There is a lot of truth to this aspect of the film; a lot of things that I recognise from my own experience or the experiences of friends.  Of course, it's just one facet of the film - one facet that exists in the shadow of the more necessary sci-fi extravaganza  - but one that nonetheless dominates the entire first act, and feels, almost - in its construction, or in the development of its scenes - like a self-contained 'miniature-movie' that was somehow just dropped into the narrative.  Granted, there is still much of Dark of the Moon that is repellent (the racial stereotypes, the crass sexism, the homophobia, etc), but nonetheless, I still found myself floored by the honesty of these early scenes; the way the situation of the characters is tied intrinsically into the destruction of the world (almost as metaphor), as well as the more sensory aspects of Bay's approach; the impression of the film, or that experience of a film reduced to an endless blur of images, colours, sounds and movement.  The noisy chaos and disorganisation that the director is often scolded for works perfectly in the context of the story, where the sense of urgency is reflected in the urgency of the run-and-gun aesthetic, or where the reminders of 9/11 as acknowledgement of the true contemporary context of any current disaster movie, suggests a sense of heightened reality, giving this fantasy an edge of very real, very physical danger.
 

Phantom [F.W. Murnau, 1922]:
 

The necessity of the framing device is unclear until the very end.  Only then do we finally grasp the meaning of the character's initial unhappiness; his despondent disposition, which seems improbable given his obvious accomplishments; the nice house, the pretty wife, the sheltered existence, etc.  As the protagonist sits down to write out the story of his past-life, the justification of this wayward gloom becomes apparent.  That age old story of ambition, corruption and greed.  The protagonist of Murnau's film, Lorenz - a bookish clerk who works for the local government and has hopes of one day becoming a successful poet - is presented from the outset as an idle dreamer; a man sensitive to the dire circumstances of his family life - the domestic hardships of his ailing mother, the scandals of his younger sister - but is, to some extent, weak to their suffering; much preferring to lose himself in books and fiction than to face such harsh realities head-on.  It is this inability to engage with reality that ultimately leads Lorenz into peril; his blinkered view of life - not quite selfish, but still seeing the world from his own limited position - blinds him to the deceitful nature of those around him.  It is only during the course of the film - or his own retelling of it - that Lorenz is confronted by the duplicitous nature of the world; his own lack of perspective or emotional maturity leading him astray; corrupting him, like so many characters before (and since). 

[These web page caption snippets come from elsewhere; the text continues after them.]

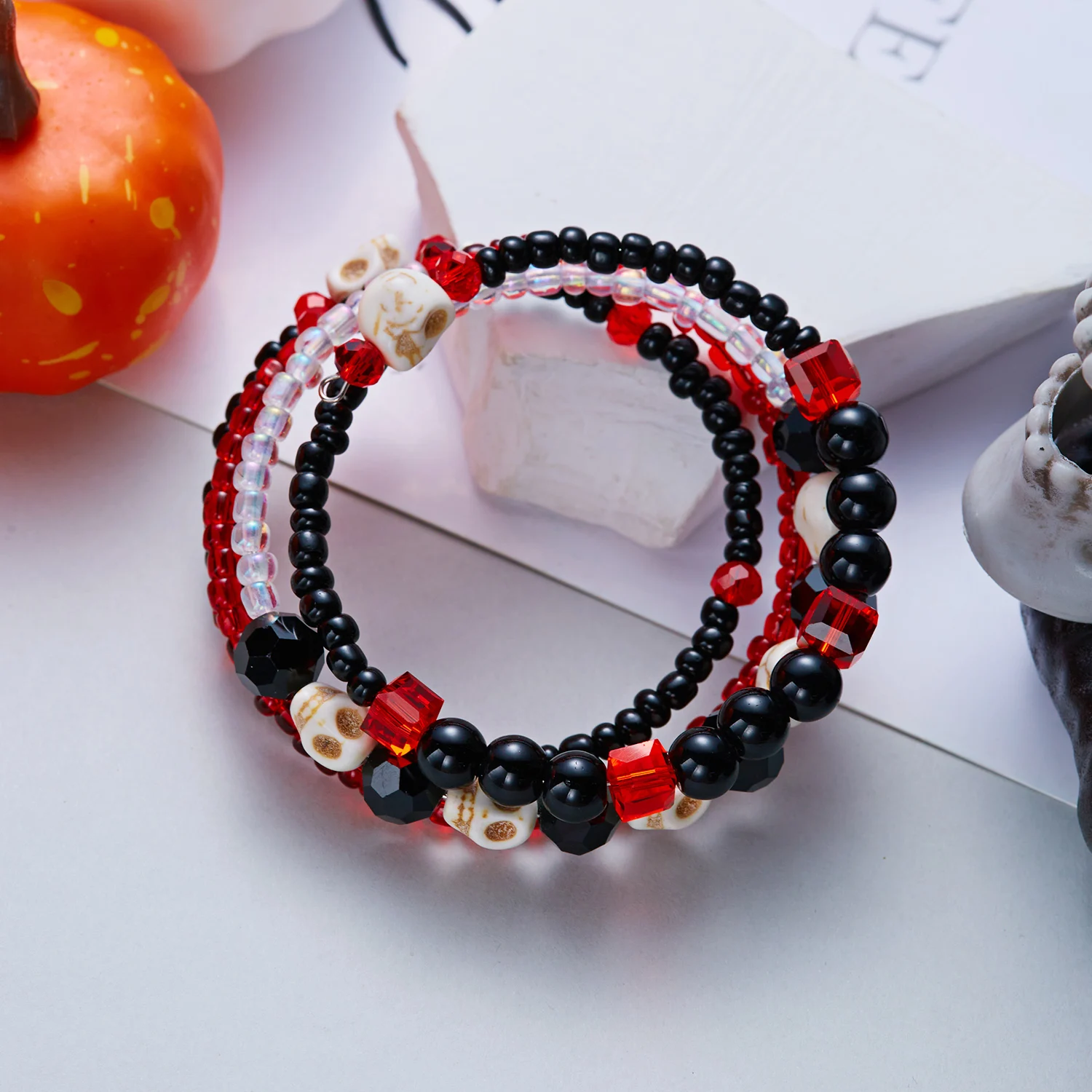 Kreatives Mehrschichtiges Totenkopf-Reisperlen-Armband für Damen und Herren Punk Goth Skelett Stapelbare Armbänder Halloween-Party-Schmuck – Detail 7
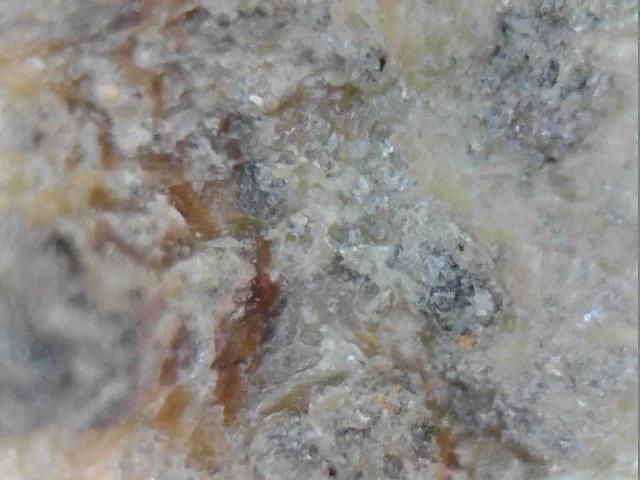 斜长石角砾岩无球粒陨石,月球混合碎硝角砾陨石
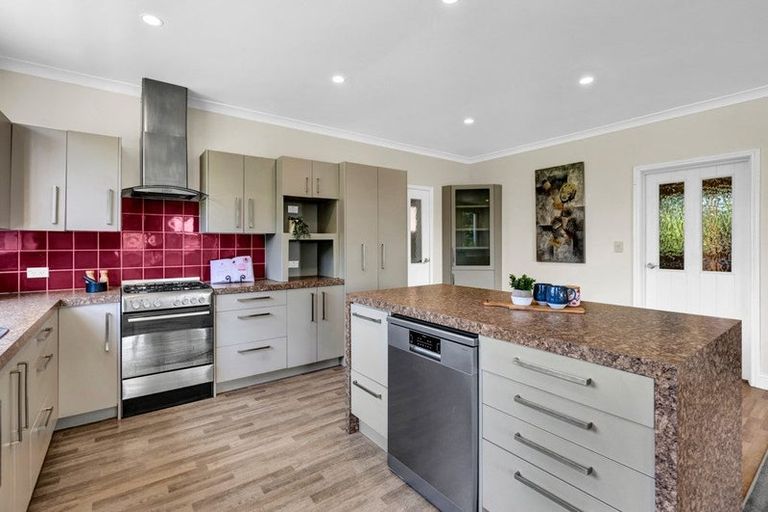 Photo of property in 116 Paraite Road, Paraite, New Plymouth, 4373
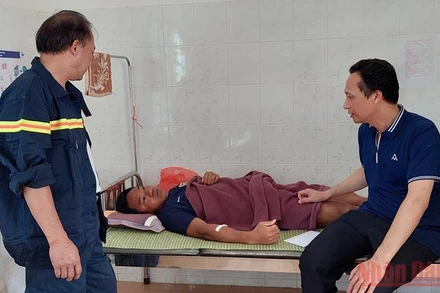 Bí thư Huyện ủy Nậm Pồ Lê Khánh Hòa thăm chiến sĩ Phòng Cảnh sát Phòng cháy chữa cháy bị ngạt khí trong khi cứu hộ.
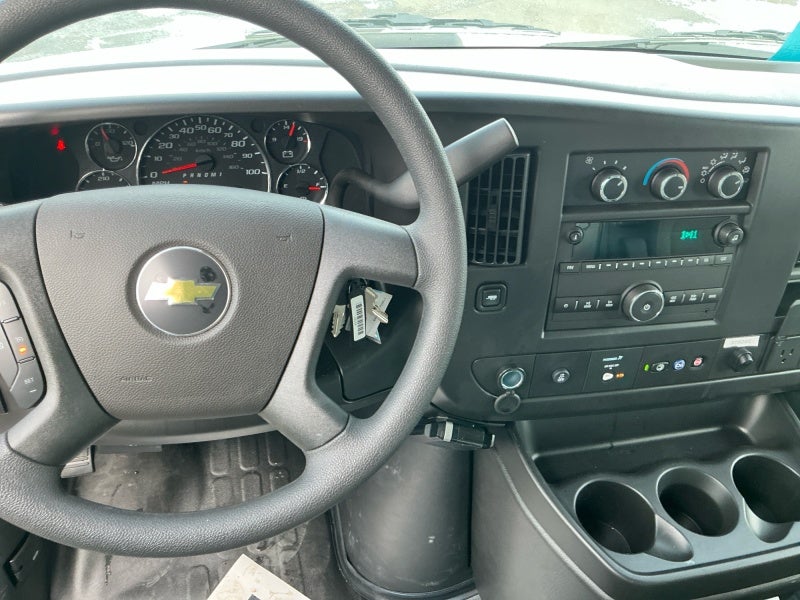 2025 Chevrolet Express Cutaway 3500 1WT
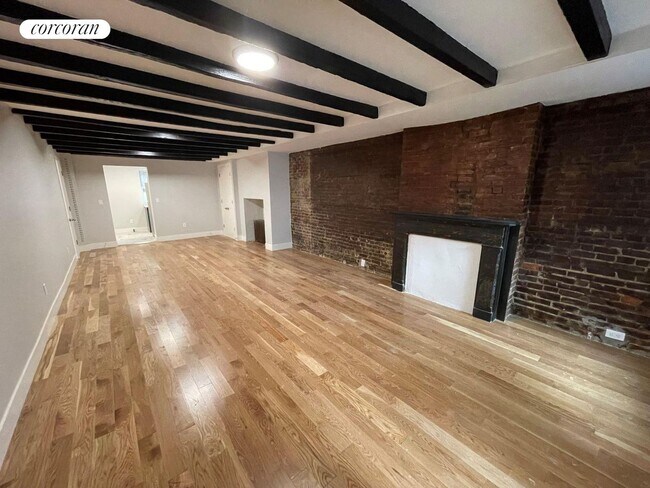 Foto del edificio - 257 Adelphi St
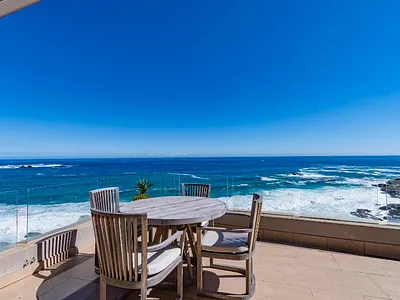 2 Bedroom Apartment To Rent in Cape Town - MbaH.webp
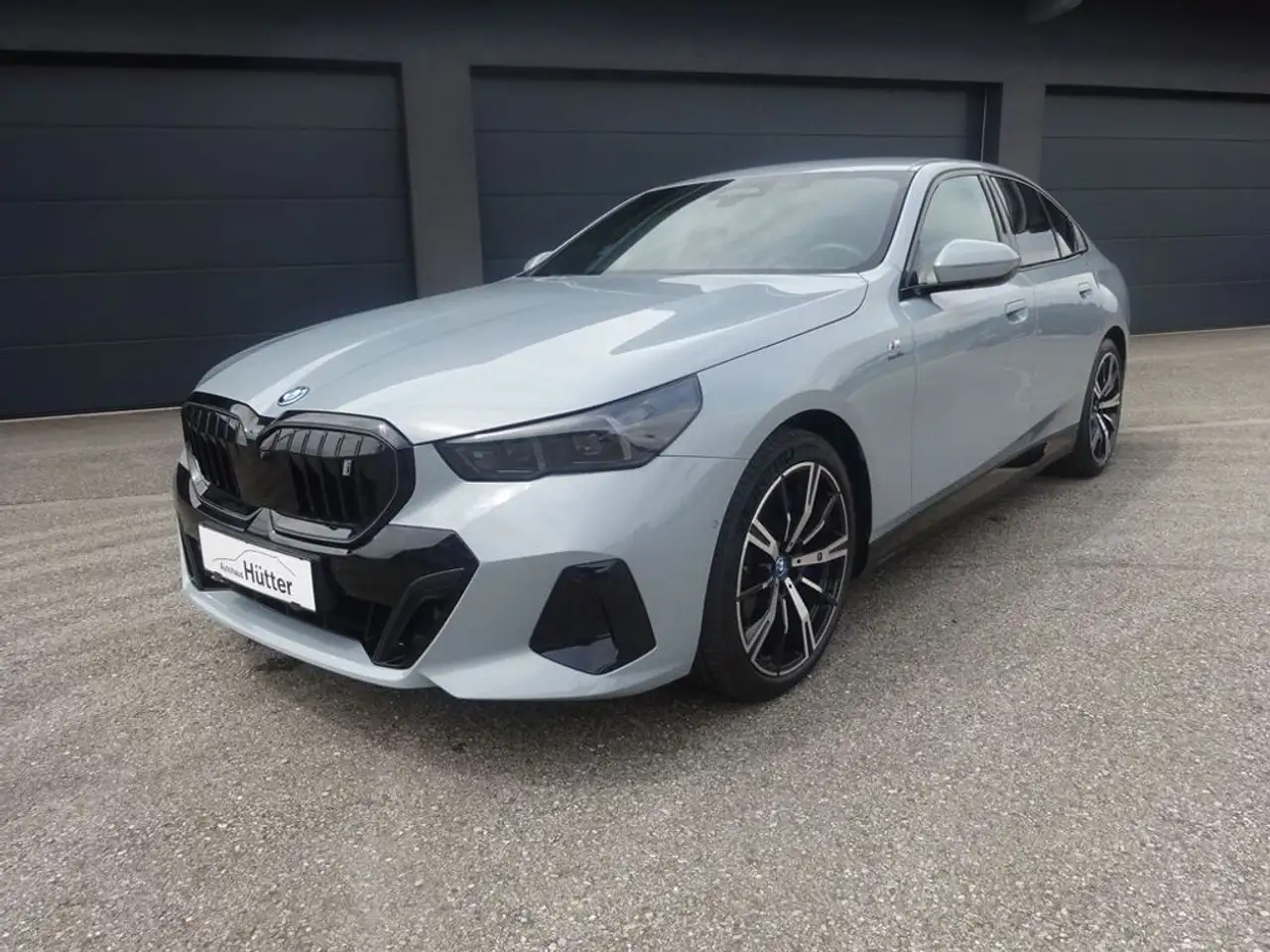i5ALLRAD MSport Pro AHK ACC Keyl. HuD RESERVIERT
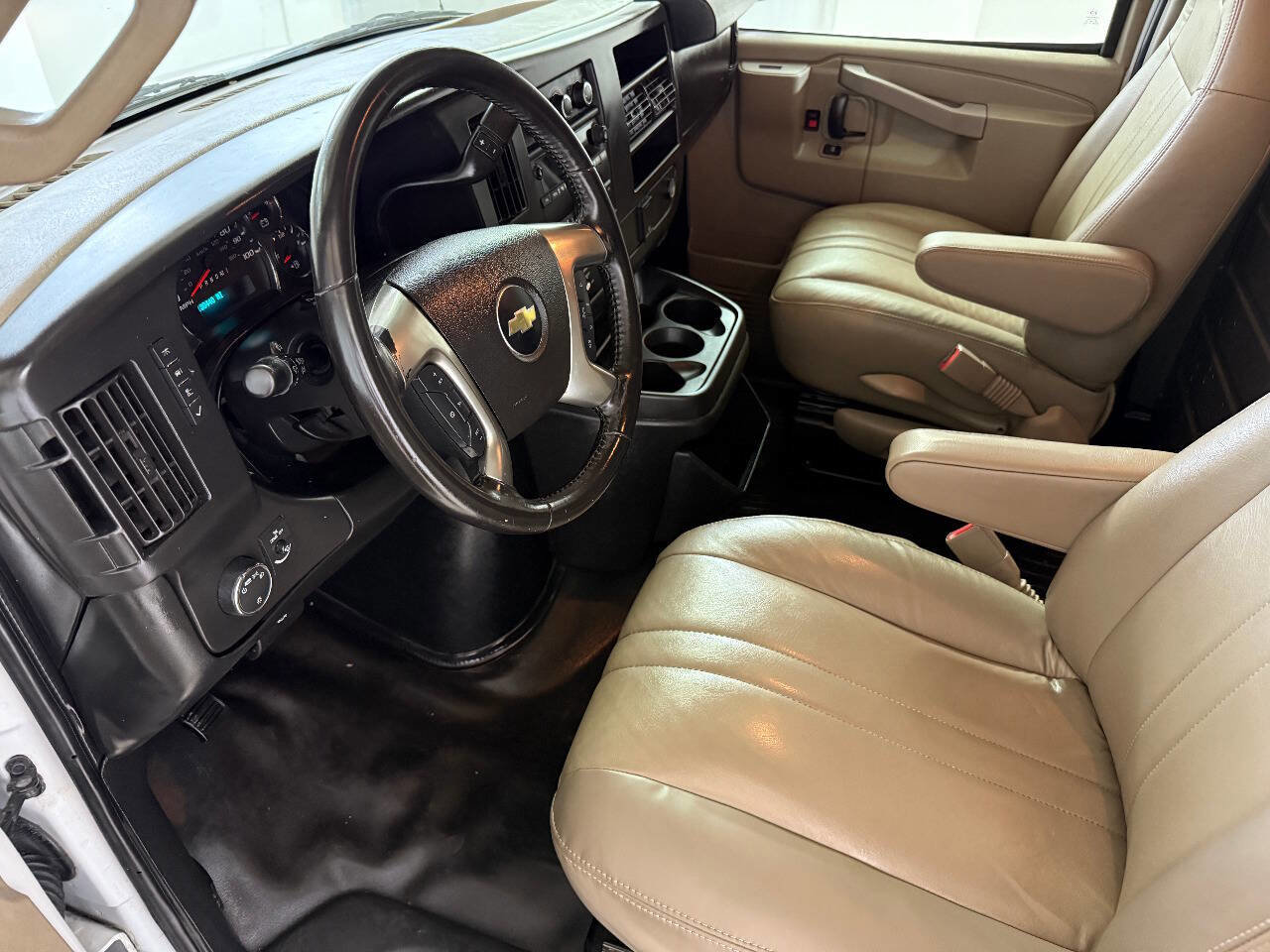 Used 2017 Chevrolet Express 2500 image 45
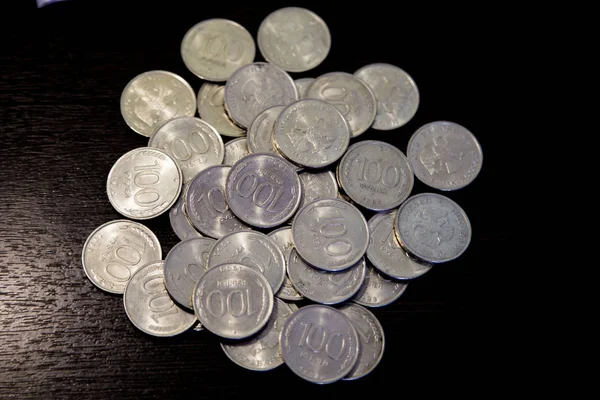 Uma pilha de rublos russos moedas — Fotografia de Stock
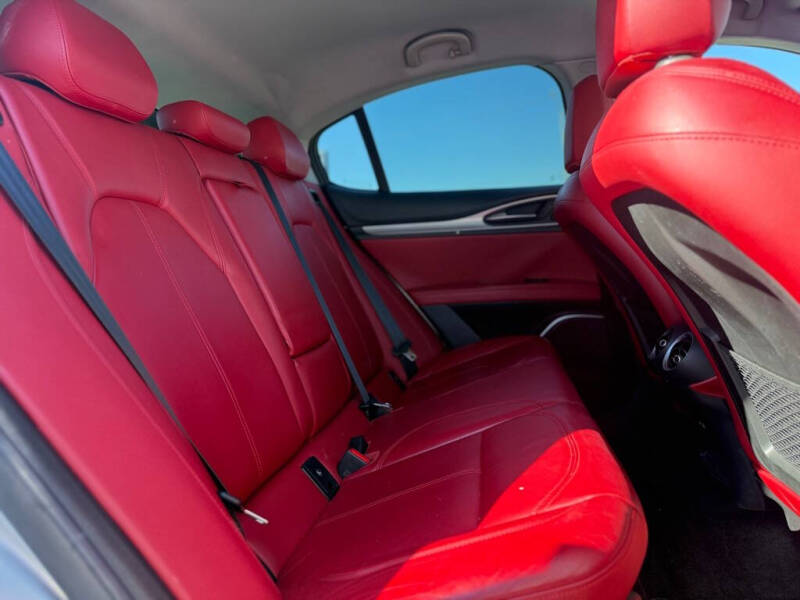 2018 Alfa Romeo Stelvio Sport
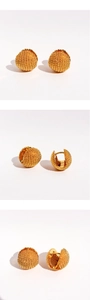 Détail de boucles d'oreilles boules dorées à texture tressée avec fermoir à charnière sûr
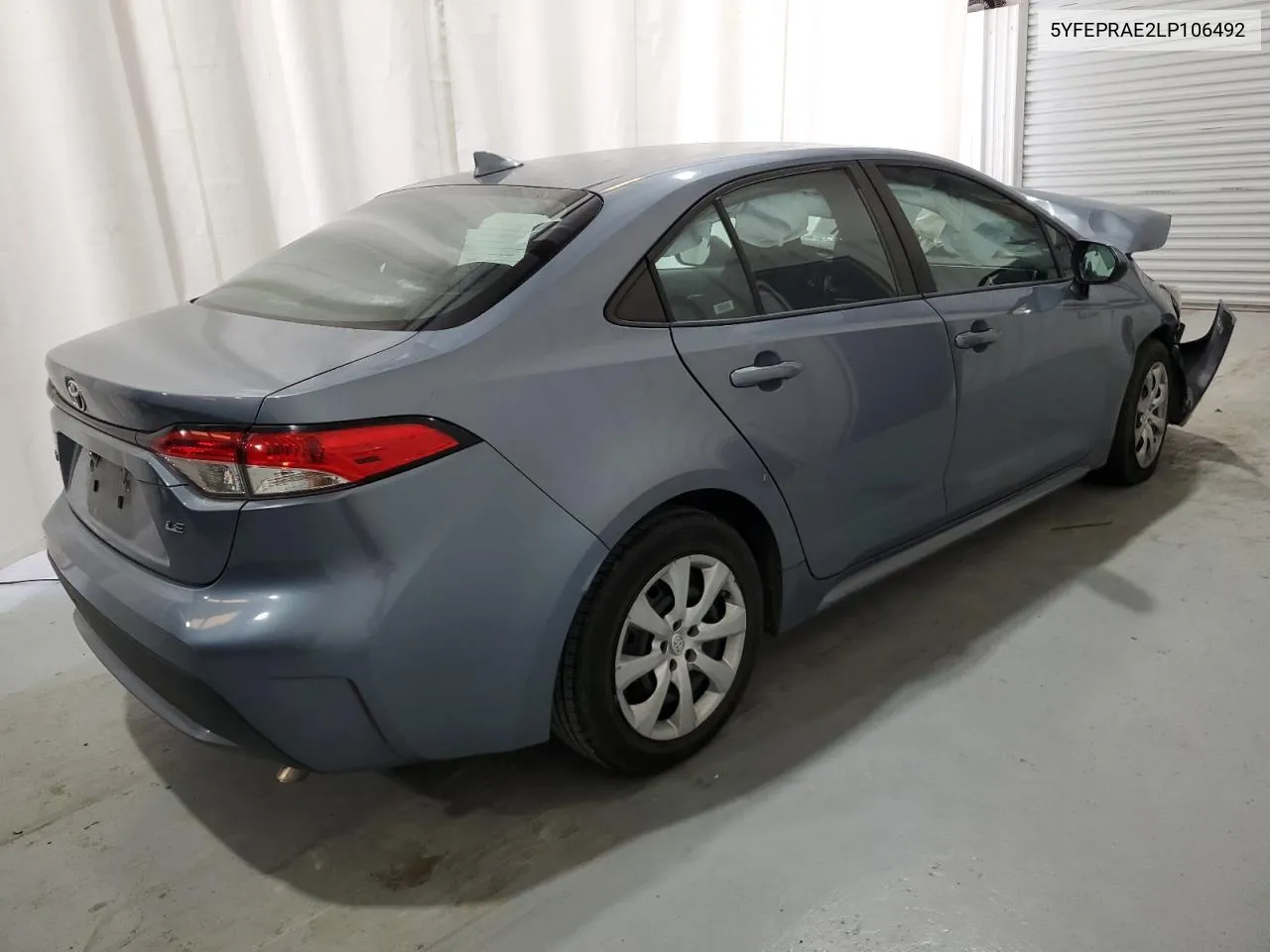 2020 Toyota Corolla Le VIN: 5YFEPRAE2LP106492 Lot: 68512954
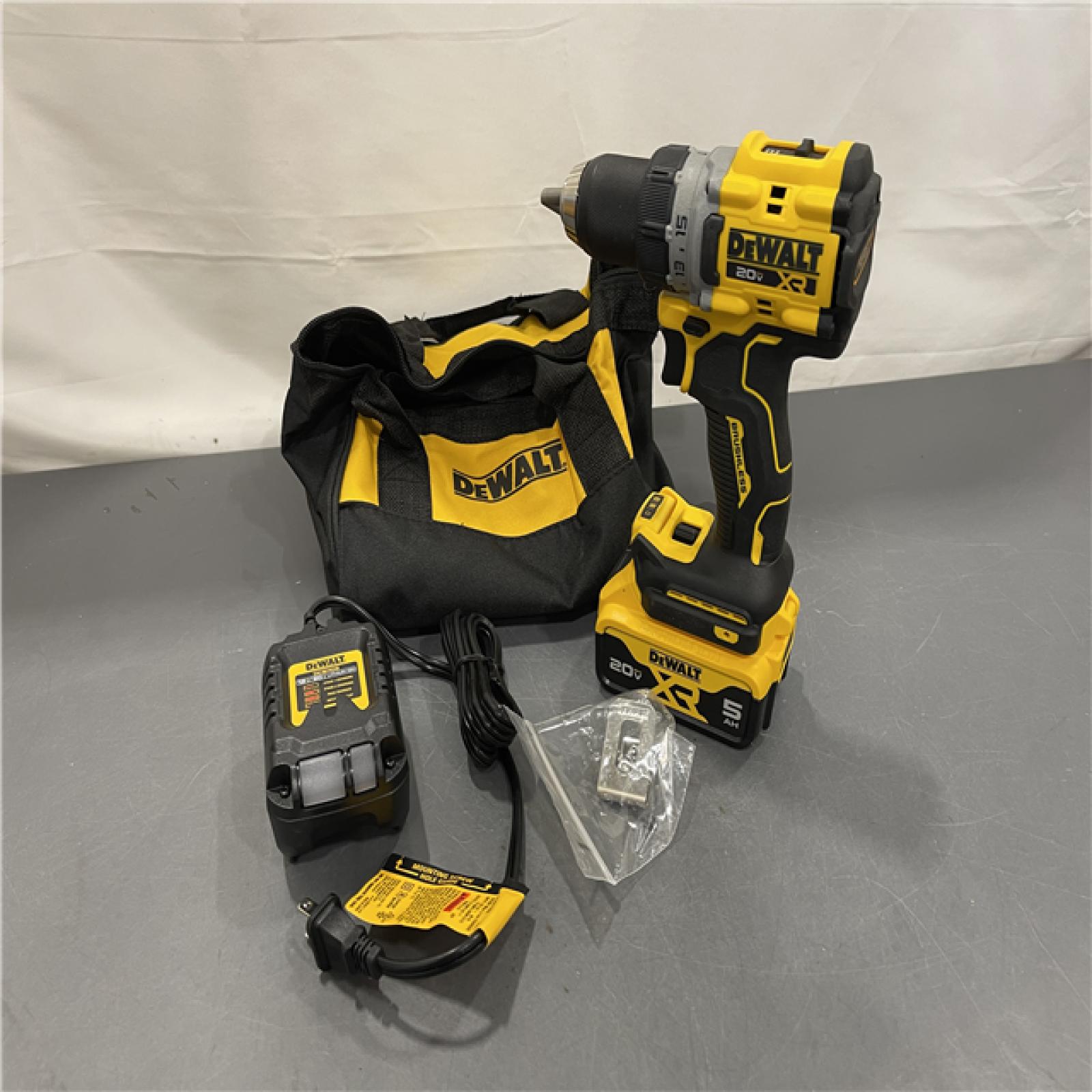 AS-IS - DEWALT 20V MAX XR Brushless Cordless 1/2 Drill/Driver Kit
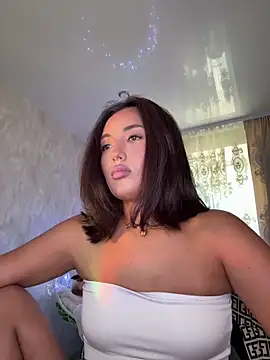lily  foster online show from 18, 5, 2026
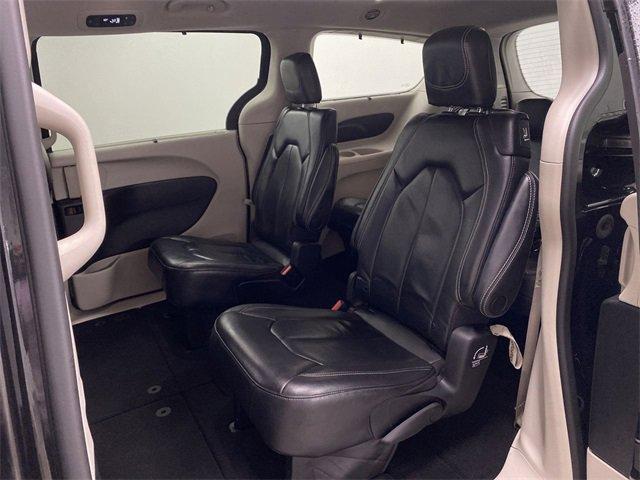 2022 Chrysler Pacifica Vehicle Photo in PORTLAND, OR 97225-3518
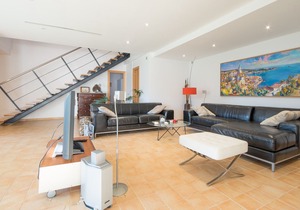 R6 Modern Villa 300m from the Comaruga beach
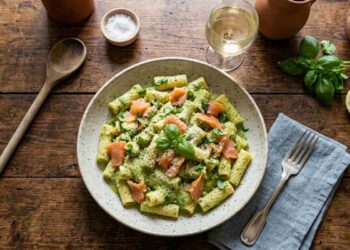 pasta con crema di zucchine e salmone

In this respect, the narrative of the film is not so remarkable; just a standard melodrama with a crime and punishment edge.  However, it's the adaptation of the film that makes it work.  That initial framing device - the extended flashback - allows Murnau and his writer Thea von Harbou to imbue the film with an aspect of meta-fiction; an acknowledgement of the story's inherent fabrication.  As such, the film becomes a sort of confessional, informed by the central character's own recollections of events and therefore marked by a more personal and somewhat 'subjective' sensibility.  By recognising the voice of the protagonist - as 'narrator' - Murnau is able to be more creative with his depiction of the character's eventual descent.  In one sequence, the feeling of isolation felt by the tortured Lorenz (his sense of paranoia; of the world closing in on him) is depicted literally, with the buildings collapsing, three-dimensionally - like in a children's 'pop-up' book - suffocating the character and recalling a similar, more famous image from the recent blockbuster Inception (2010).  It is this haunted, dreamlike aspect to the subjective stylisation of the film that for me separates (or elevates) Phantom from the many other silent melodramas that deal with similar concerns.